Bruna created Miffy to entertain his infant son after seeing a rabbit in the dunes while on a seaside holiday and went on to relate the bunny's adventures in more than 30 books sold worldwide.
Miffy, known as Nijntje in Dutch, was his best-known creation, enjoying great popularity in Asia and adorning lunchboxes the world over.
She has two dots for eyes and a cross for her mouth. Bruna decided she should be a girl, as drawing dresses was more fun than trousers.
It is her endearing simplicity, along with that of her friends such as Poppy the kind pig lady and Snuffy the dog, which has cemented the books' universal appeal to pre-schoolers.

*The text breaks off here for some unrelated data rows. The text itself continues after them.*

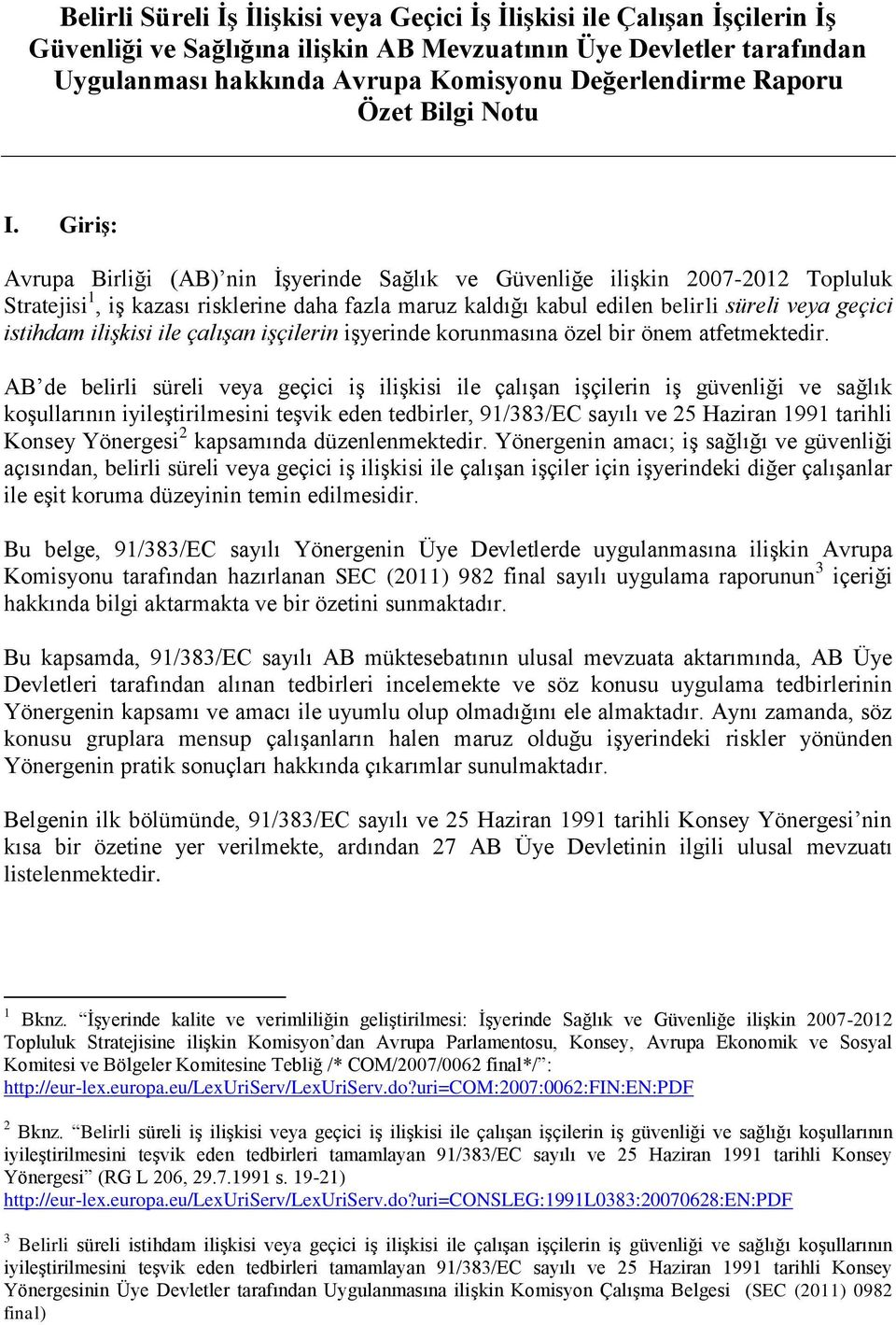 Giriş: Avrupa Birliği (AB) nin İşyerinde Sağlık ve Güvenliğe ilişkin 2007-2012 Topluluk Stratejisi 1, iş kazası risklerine daha fazla maruz kaldığı kabul edilen belirli süreli veya geçici istihdam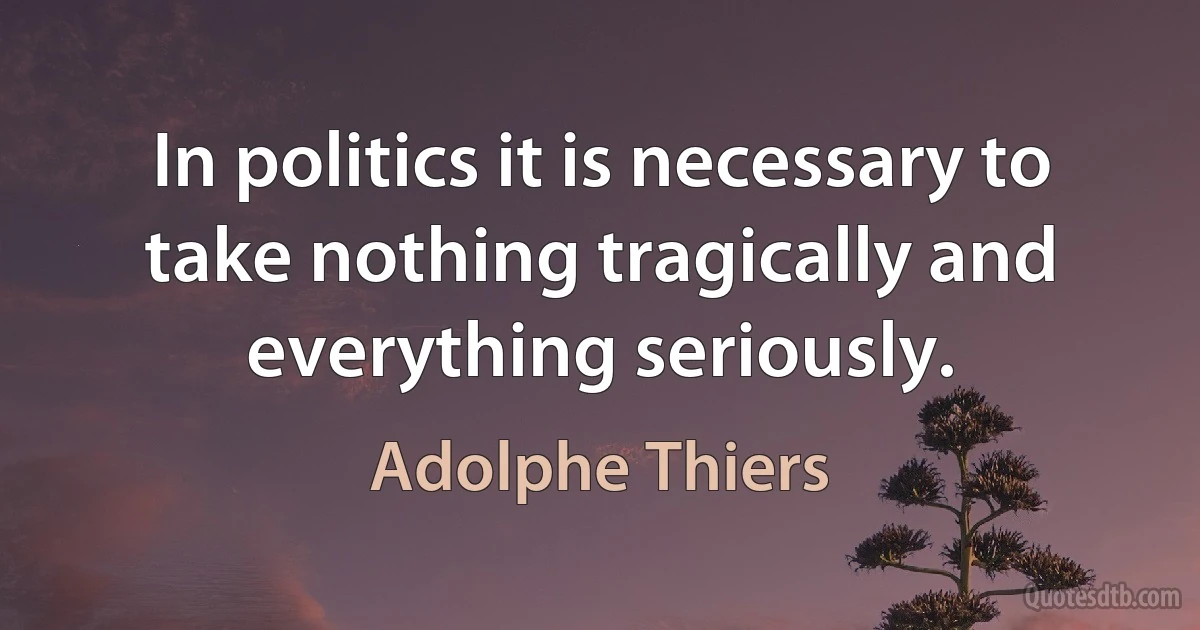 In politics it is necessary to take nothing tragically and everything seriously. (Adolphe Thiers)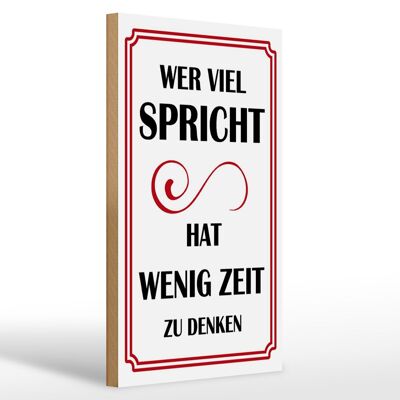 Holzschild Spruch 20x30cm Wer viel spricht hat wenig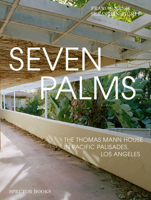 Seven Palms: The Thomas Mann House in Pacific Palisades, Los Angeles 3959053355 Book Cover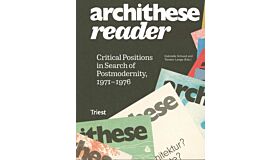 Architese Reader - Critical Positions In Search Of Postmodernity, 1971–1976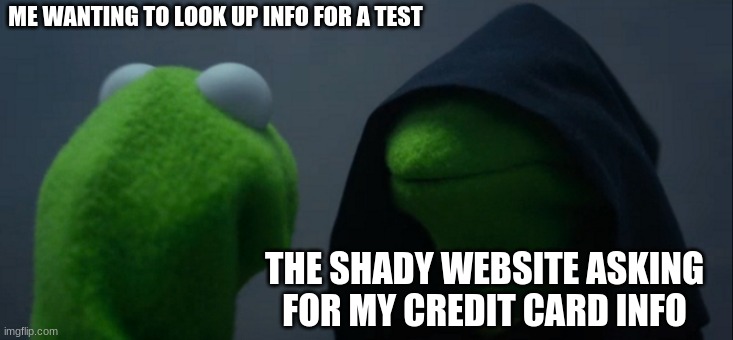 Evil Kermit | ME WANTING TO LOOK UP INFO FOR A TEST; THE SHADY WEBSITE ASKING FOR MY CREDIT CARD INFO | image tagged in memes,evil kermit | made w/ Imgflip meme maker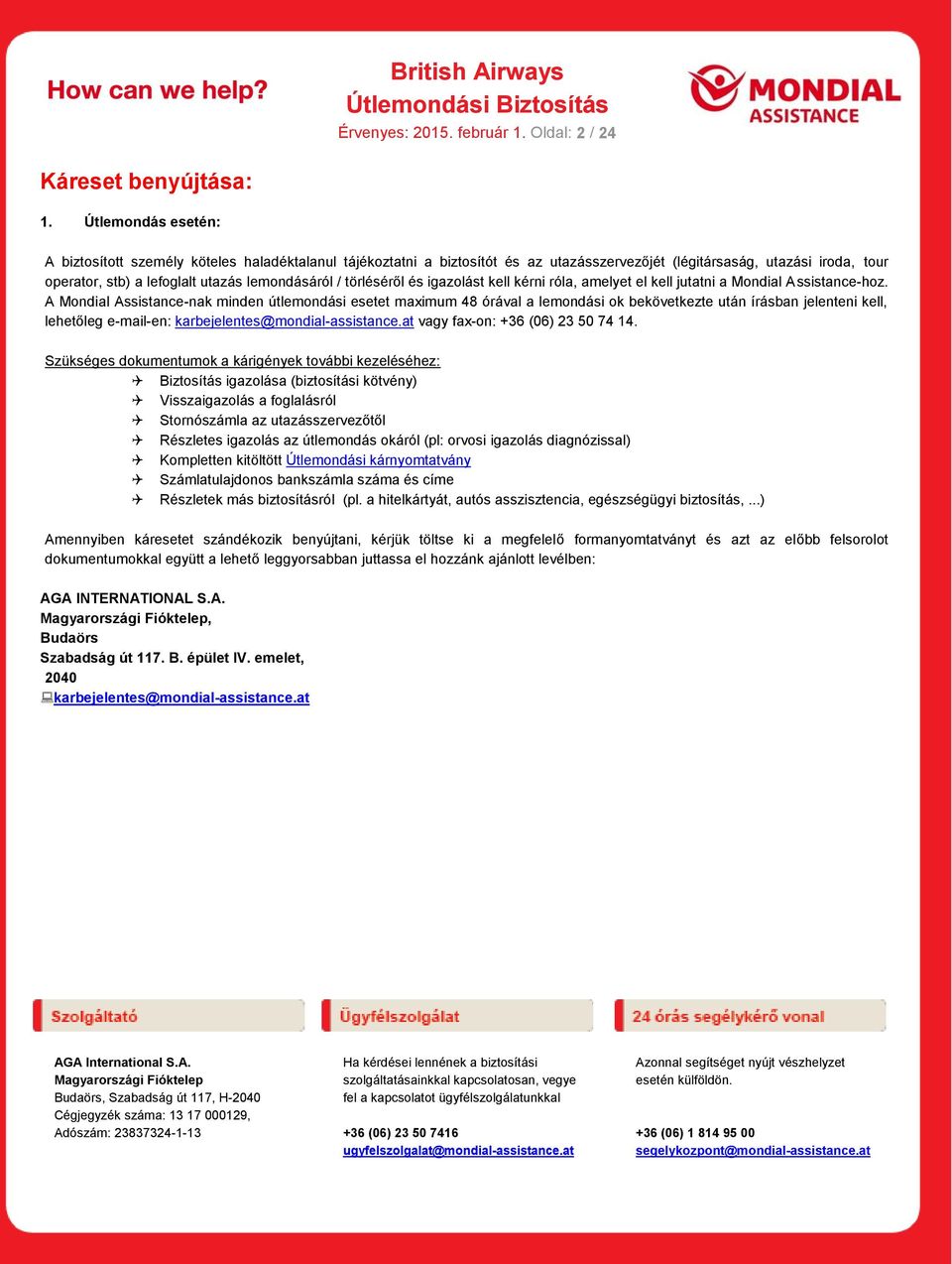 törléséről és igazolást kell kérni róla, amelyet el kell jutatni a Mondial Assistance-hoz.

The tales, told in small square books designed to fit little hands, help youngsters explore the world through Miffy's adventures in places such as the zoo or the doctor's.
But grown-up art lovers have also praised Bruna's mastery of minimalism.
"When I'm sitting at my drawing table, it sometimes feels as if a child is standing there looking straight at me," he once said of his work. "Children have this great directness. It's something I appreciate hugely."
He was born in Utrecht on Aug 23, 1927, and had been expected to join the family publishing company, once the largest in the Netherlands.
But drawing was his first love and, during a study tour of Paris in the 1940s, he was influenced by French painters Henri Matisse and Fernand Leger.
"Matisse, of course, taught me simplicity and the use of colours," he said. "In my work, I've also tried to reduce things as much as I could, leaving only the bare essentials."
Returning to Utrecht, he began his career as an illustrator of covers for books including Ian Fleming's James Bond series and Georges Simenon's Inspector Maigret thrillers. He took one element from a novel to feature on the cover - such as a pipe for Maigret, or a halo for Dutch series The Saint.
As Miffy's popularity grew, he devoted himself to her world as well as illustrating and writing other children's books.
Despite his worldwide popularity - hordes of young fans trekked to Utrecht to meet him - Bruna led a simple life. Rising before dawn most mornings, he would squeeze a fresh orange juice and draw a picture for his wife Irene.
Then, he would cycle through cobbled streets and over canals to his airy studio.
Before he retired in 2011, he admitted that starting a new book was always nerve-racking.
"When I'm drawing Miffy, just the face, the two eyes and the little cross, it can take forever to make her look a tiny bit unhappy or a tiny bit cheerful," he said. "I spend ages working on these minute details."
Each book was hand-drawn. Using a paintbrush dipped in black, Bruna carefully made tiny strokes to craft his character's outlines.
Specially printed coloured paper - blue, green, yellow and what is known as "Bruna red", which has a little orange mixed in to make it warmer - were then slipped behind transparencies to make a kind of collage.
"I have a small talent and I have to work hard to do something with it," he said.